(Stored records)
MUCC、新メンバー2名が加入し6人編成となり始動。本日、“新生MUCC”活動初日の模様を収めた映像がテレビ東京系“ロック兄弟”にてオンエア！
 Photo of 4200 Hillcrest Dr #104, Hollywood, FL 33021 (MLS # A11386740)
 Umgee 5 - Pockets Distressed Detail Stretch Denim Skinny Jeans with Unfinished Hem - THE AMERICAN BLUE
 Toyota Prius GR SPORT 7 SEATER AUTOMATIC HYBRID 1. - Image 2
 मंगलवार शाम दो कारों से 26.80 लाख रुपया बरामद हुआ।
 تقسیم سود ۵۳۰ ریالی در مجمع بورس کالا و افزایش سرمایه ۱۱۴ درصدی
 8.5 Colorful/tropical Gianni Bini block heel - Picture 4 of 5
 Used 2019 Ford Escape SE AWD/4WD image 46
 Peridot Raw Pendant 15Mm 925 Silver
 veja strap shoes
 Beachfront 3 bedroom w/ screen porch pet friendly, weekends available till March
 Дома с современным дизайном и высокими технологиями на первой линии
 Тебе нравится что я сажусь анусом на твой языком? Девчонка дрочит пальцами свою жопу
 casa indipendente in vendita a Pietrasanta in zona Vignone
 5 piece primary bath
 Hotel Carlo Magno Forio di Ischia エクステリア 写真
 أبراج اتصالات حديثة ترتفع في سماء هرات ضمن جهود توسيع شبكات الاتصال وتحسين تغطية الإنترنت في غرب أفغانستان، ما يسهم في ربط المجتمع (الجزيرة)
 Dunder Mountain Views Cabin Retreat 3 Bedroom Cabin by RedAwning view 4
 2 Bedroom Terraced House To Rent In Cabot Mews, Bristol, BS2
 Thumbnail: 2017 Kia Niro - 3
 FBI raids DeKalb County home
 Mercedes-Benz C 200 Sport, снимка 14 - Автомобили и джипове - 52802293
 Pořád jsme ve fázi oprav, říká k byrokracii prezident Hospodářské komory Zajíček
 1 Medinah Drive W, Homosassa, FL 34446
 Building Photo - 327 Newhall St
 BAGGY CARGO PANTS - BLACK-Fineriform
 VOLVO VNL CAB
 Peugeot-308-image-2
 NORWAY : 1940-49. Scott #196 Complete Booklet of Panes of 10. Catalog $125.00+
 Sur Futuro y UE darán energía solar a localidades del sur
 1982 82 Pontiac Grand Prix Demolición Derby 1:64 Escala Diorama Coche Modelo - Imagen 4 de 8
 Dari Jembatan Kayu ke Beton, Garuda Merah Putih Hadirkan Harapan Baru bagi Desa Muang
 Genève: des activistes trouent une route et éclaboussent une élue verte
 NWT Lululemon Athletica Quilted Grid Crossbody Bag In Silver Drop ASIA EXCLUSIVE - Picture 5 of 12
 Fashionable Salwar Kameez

# Aim of the task
Using the data above, return every line that contains the string "Picture".

# Answer section
 8.5 Colorful/tropical Gianni Bini block heel - Picture 4 of 5
 NWT Lululemon Athletica Quilted Grid Crossbody Bag In Silver Drop ASIA EXCLUSIVE - Picture 5 of 12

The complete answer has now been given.